Dopo lo scandalo della morte della bambina di 10 anni a causa di Tik Tok, avete vietato l’utilizzo di dati di utenti di cui non sia stata accertata la reale età anagrafica. Come saprà è molto semplice aggirare queste piattaforme, su Facebook ci sono ventenni che risultano settantenni perché inseriscono dati fasulli. Come farete concretamente a verificare l’età anagrafica degli iscritti?
Credo che il provvedimento su Tik Tok abbia determinato una presa di coscienza importante, da parte dei social tutti, della necessità di garantire sistemi di age verification affidabili. Il Garante vigilerà sulle garanzie effettivamente accordate da ciascuna delle soluzioni adottate, tra le varie possibili, ricorrendo a test empirici di eludibilità e a valutazioni tecniche rigorose.

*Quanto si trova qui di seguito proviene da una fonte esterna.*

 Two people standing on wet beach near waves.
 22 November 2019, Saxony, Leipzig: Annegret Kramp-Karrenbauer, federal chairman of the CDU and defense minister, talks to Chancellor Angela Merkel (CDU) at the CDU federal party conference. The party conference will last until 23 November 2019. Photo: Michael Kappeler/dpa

Ritiene che il provvedimento adottato possa essere effettivamente applicato anche agli altri social network? Cosa ne pensano i detentori delle piattaforme?
Il Garante ha già esteso i propri controlli ai maggiori social network, ricevendo in alcuni casi dichiarazioni (anche pubbliche) di impegno alla collaborazione e all’individuazione delle soluzioni più idonee a rendere la rete un ambiente migliore, per minori e non. Credo che sia questo l’atteggiamento corretto: l’ “umanità” (come non violenza, inclusività, non discriminatorietà) della rete è un bene comune, cui non si può rinunciare.

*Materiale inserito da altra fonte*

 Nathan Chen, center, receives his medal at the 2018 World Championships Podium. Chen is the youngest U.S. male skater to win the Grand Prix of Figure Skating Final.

Secondo il suo punto di vista, la responsabilità dei danni subiti dai minori è dei genitori che non limitano l’utilizzo di tali piattaforme o dei gestori delle stesse?
Distinguiamo: le piattaforme rispondono degli obblighi, in capo a loro gravanti, di trasparenza e rimozione di contenuti illeciti loro segnalati. I genitori rispondono, tuttavia (anche per eventuali danni derivatine a terzi), dell’assenza di vigilanza sul minore e, in misura diversa, dell’omessa educazione all’uso di uno strumento, così potente, che mettono nelle loro mani.

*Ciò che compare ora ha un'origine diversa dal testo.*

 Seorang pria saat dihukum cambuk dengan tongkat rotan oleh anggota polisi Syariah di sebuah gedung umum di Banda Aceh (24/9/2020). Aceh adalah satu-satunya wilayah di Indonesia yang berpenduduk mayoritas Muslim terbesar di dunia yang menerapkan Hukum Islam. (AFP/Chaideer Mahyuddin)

Ogni volta che ci si iscrive ad un social o ad una qualsiasi piattaforma è necessario confermare la lettura dei termini e delle condizioni di utilizzo dei dati. Sappiamo statisticamente che quasi nessuno lo fa, ci si limita a scorrere fino in basso e a bannare la spunta. Crede possa essere individuata una modalità per fornire queste informazioni così importanti in maniera meno prolissa e più diretta?
Andrebbe valorizzato, come nella logica del Gdpr, il carattere realmente comprensibile delle informative senza il quale, appunto, il consenso (fosse anche quello contrattuale) viene privato della sua vera natura di manifestazione di volontà tanto libera quanto consapevole, alimentando una mera “consent (and reading)-fatigue”.
C’è chi dice che le istituzioni potrebbero proporre forme di comunicazione riguardo i rischi concreti dei social, attraverso le piattaforme stesse. Magari utilizzando alcuni dei personaggi più di spicco, i “più seguiti”. E’ necessario che si parli ai giovani con il loro stesso linguaggio. Che cosa ne pensa?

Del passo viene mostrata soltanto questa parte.